## EXCERPTED RECORDS
**********
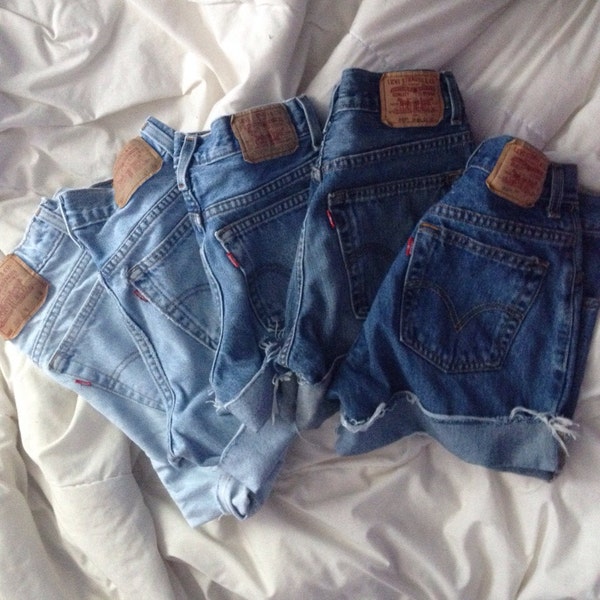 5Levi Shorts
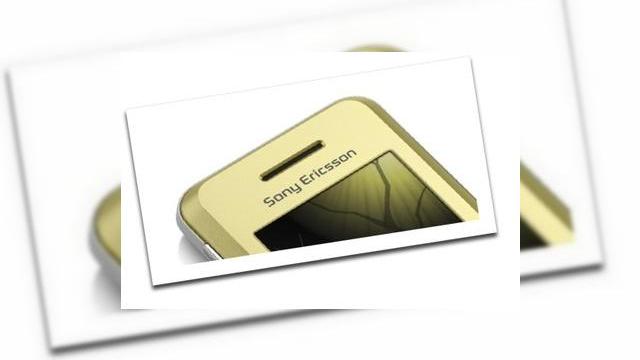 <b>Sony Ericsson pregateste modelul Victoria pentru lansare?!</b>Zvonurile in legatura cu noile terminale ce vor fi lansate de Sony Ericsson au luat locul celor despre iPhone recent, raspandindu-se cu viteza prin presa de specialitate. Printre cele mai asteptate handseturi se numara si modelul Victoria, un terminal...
**********
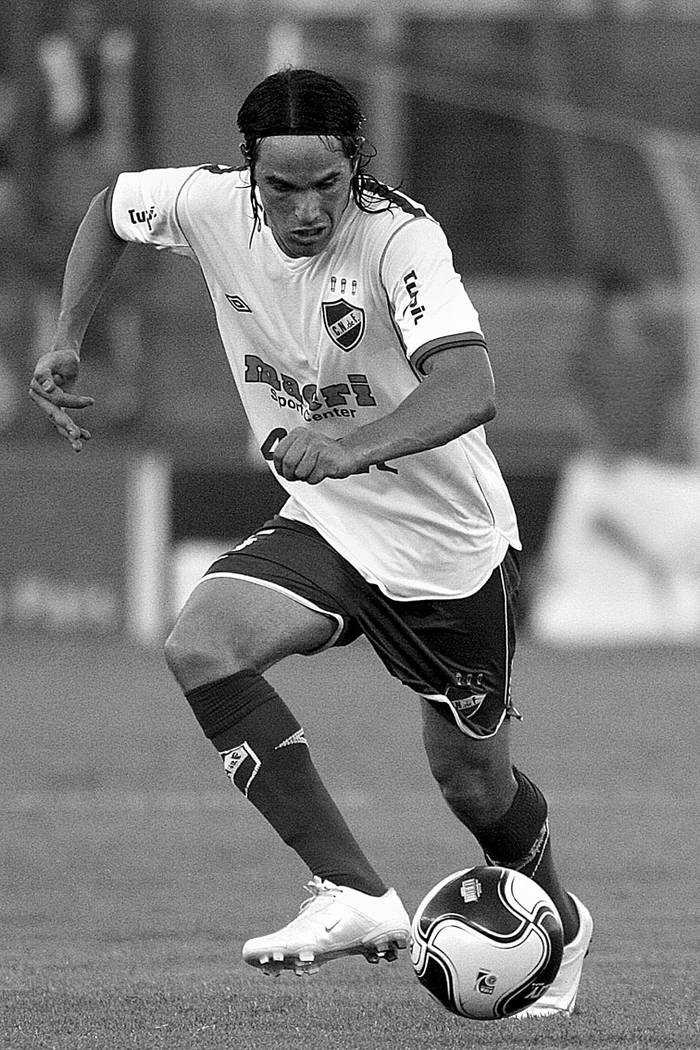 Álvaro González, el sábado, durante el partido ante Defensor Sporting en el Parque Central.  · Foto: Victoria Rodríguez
**********
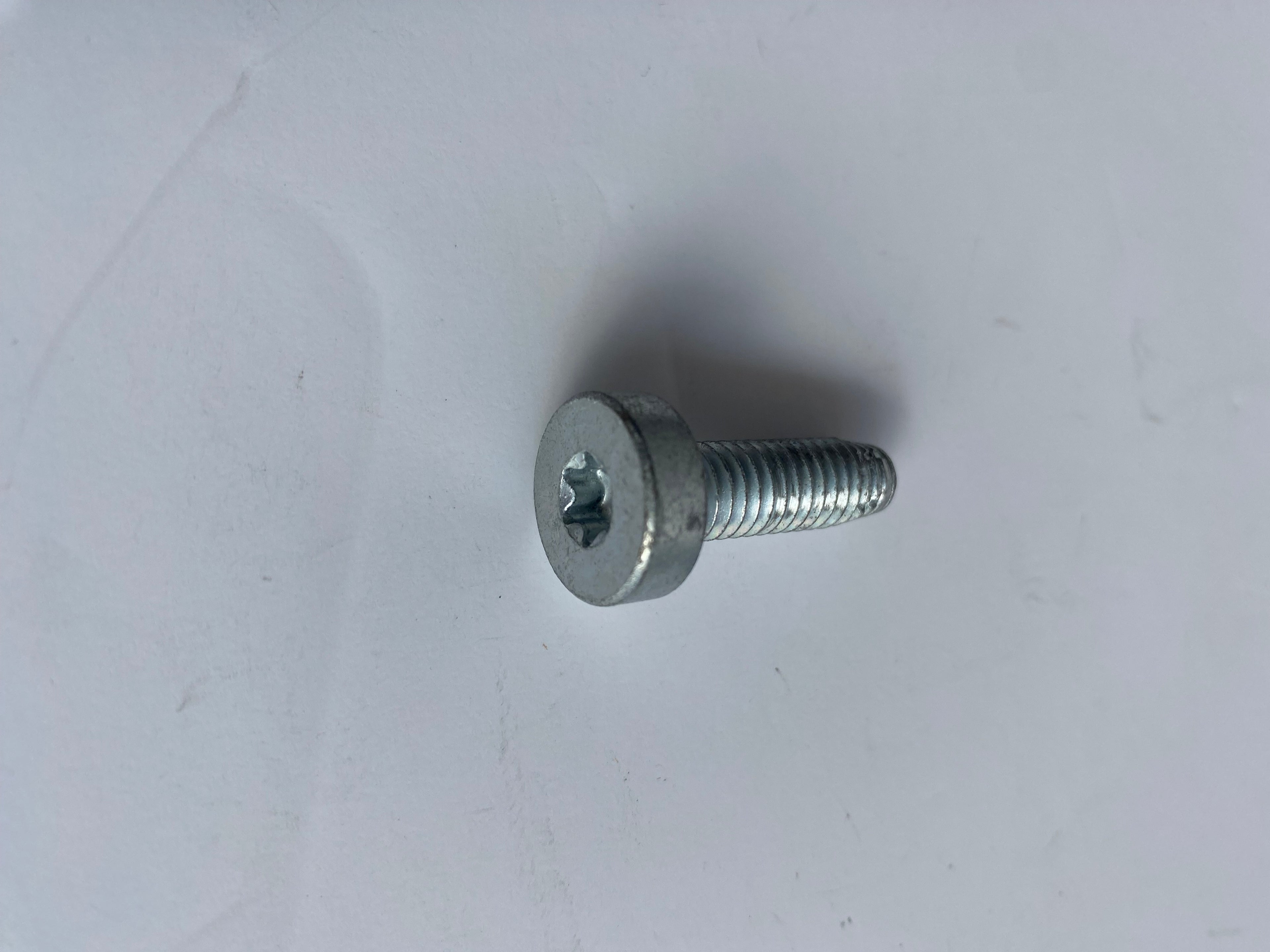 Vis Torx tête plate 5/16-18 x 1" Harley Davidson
**********
## AIM OF THE TASK
Return exactly the part of the listing above that opens with the line containing "5Levi Shorts" and closes with the line containing "<b>Sony Ericsson pregateste". Pictures stay out.

## FINAL ANSWER
 5Levi Shorts
 <b>Sony Ericsson pregateste modelul Victoria pentru lansare?!</b>Zvonurile in legatura cu noile terminale ce vor fi lansate de Sony Ericsson au luat locul celor despre iPhone recent, raspandindu-se cu viteza prin presa de specialitate. Printre cele mai asteptate handseturi se numara si modelul Victoria, un terminal...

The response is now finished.